There is in general no optimal representation for a molecular structure. Rather, for each analysis, and even for each stage of an analysis, a different representation may be preferable. Ideally, the practitioner would have at their disposal a large library of molecular representations designed for different tasks, each with their benefits and limitations well-established. Furthermore, to be generally useful, these representations should be either easy to implement or have existing efficient, well-tested, stand-alone implementations that can then be integrated into an existing analysis workflow with little additional effort. This thesis presents two new representations for this library, each for a different class of problems.
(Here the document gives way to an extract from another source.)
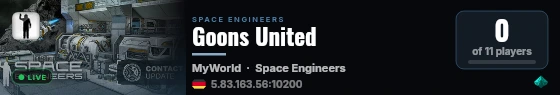 Goons United live status badge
Chapter 1 presents the Extended Three-Dimensional Fingerprint (E3FP), a simple approach for encoding three-dimensional structural features of small molecules that generalizes widely used methods that use only the molecule's connectivity. For a given molecule, E3FP generates a bitvector fingerprint that can then be used to train machine learning methods for various tasks. We showed that the representation in some cases outperformed widely used non-structural representations and even other three-dimensional representations for predicting target-molecule binding pairs. Moreover, this chapter explored several modifications to E3FP to represent sets of conformers for the same molecule (i.e., a molecular ensemble) and showed that these techniques also performed well.
Chapters 2 and 3 are adapted from in-preparation manuscripts and introduce a structural representation for Bayesian inference of structural ensembles. Most techniques for structural inference often either treat a structure as rigid or rely heavily on expensive molecular dynamics techniques to simulate multiple copies of a system, which are perturbed during sampling or post-processing to satisfy data restraints. This work takes a different approach, approximating the ensemble as a continuous distribution of structures from which measured data can be efficiently simulated through ensemble averaging. This is achieved by making a number of assumptions about how the structure can be separated into rigid bodies and how those bodies interact. Techniques from group theory and harmonic analysis on the kinematic groups enable efficient simulation of ensemble averaged data. The result is the kinematic ensemble representation. In Chapter 2, the kinematic ensemble representation is applied for ensemble inference using nuclear magnetic resonance (NMR) nuclear Overhauser effect (NOE) measurements, while Chapter 3 extends the technique for ensemble inference using second-harmonic generation (SHG) and two-photon fluorescence (TPF) measurements. To keep the main text accessible, the theory and derivations underpinning the kinematic ensemble representation are given in Appendices A and B, while Appendices C and D are stand-alone explanations of some of the automatic differentiation methods used in this work.